Now, Noelle looked at James. “Yes, I’m adopted,” she said, as though the fact meant nothing to her. “But how did you know?”

He handed the folder to her. “Some papers fell out of this thing in the wind,” he said. “Ain’t nothin’ to me,” he said. “But maybe mean somethin’ to you.”

His soft brown eyes told her he’d seen something he shouldn’t have seen. Something she’d never been meant to see, either.
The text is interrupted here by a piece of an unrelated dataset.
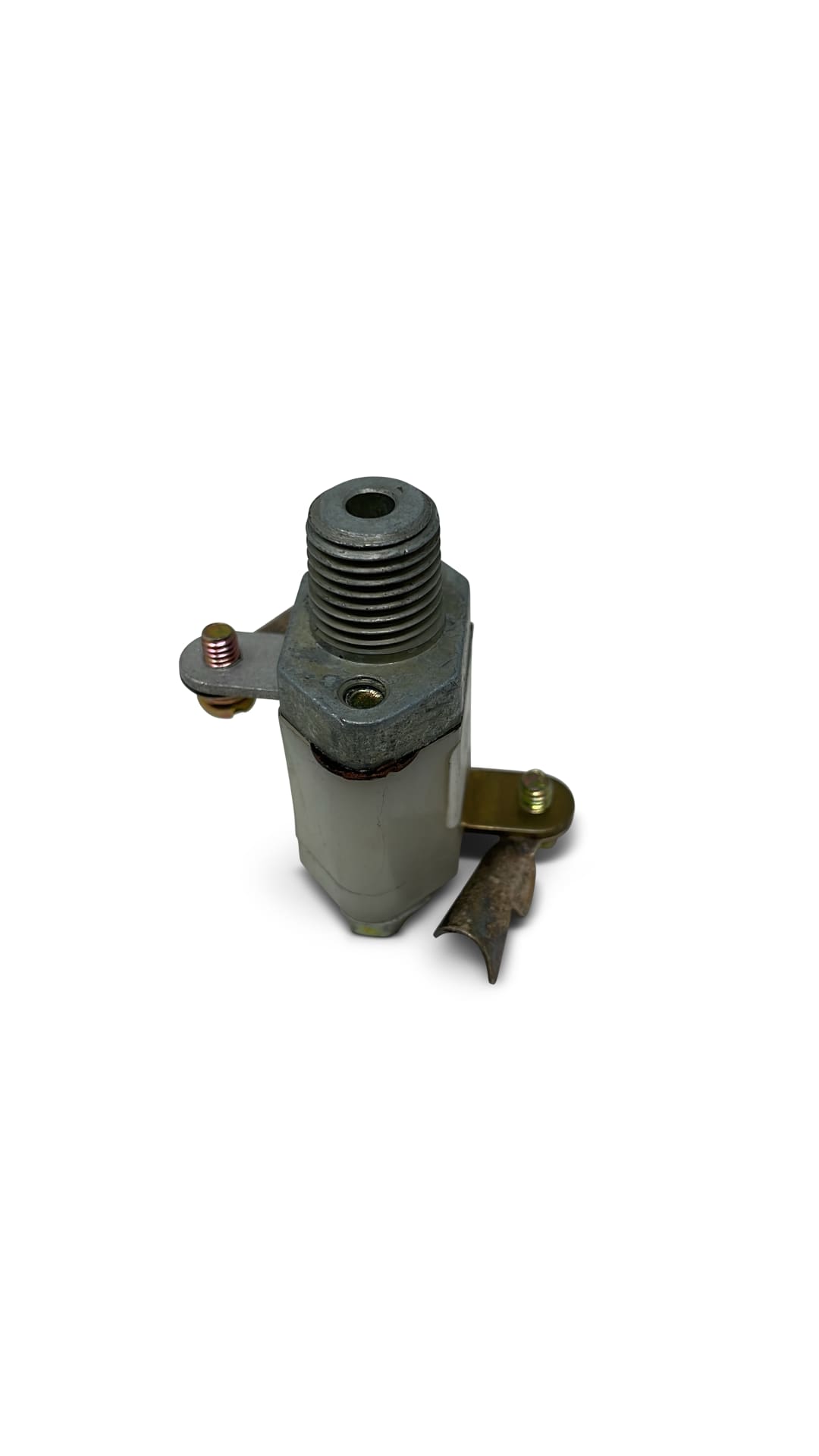 Low Pressure Switch (S-D814)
And when he gave it to her, he touched her hand. Not like a man would touch a woman. It was the touch of a friend who knew that the papers in that folder just might change her world forever.



8

Tara


Wilmington, North Carolina

2010

Oh, God, this felt strange.

I sat across the table from Ian at the Pilot House, wondering if I was on a date. It had seemed casual enough yesterday when he said he had two tickets for a film at Thalian Hall. Then he suggested we grab something to eat first, and when you put dinner on the waterfront together with a film at a place as nice as the renovated Thalian Hall, what else could it be but a date? I liked Ian. I’d known him for so long and in some ways I could honestly say I adored him, but I didn’t want to date him. I didn’t want to date anyone. The thought of kissing or even holding hands with someone other than Sam made me shudder—and not with desire. It was actually repellent. I felt a deep, deep loneliness in my bed at night, but it wasn’t for just any man. It was for my husband.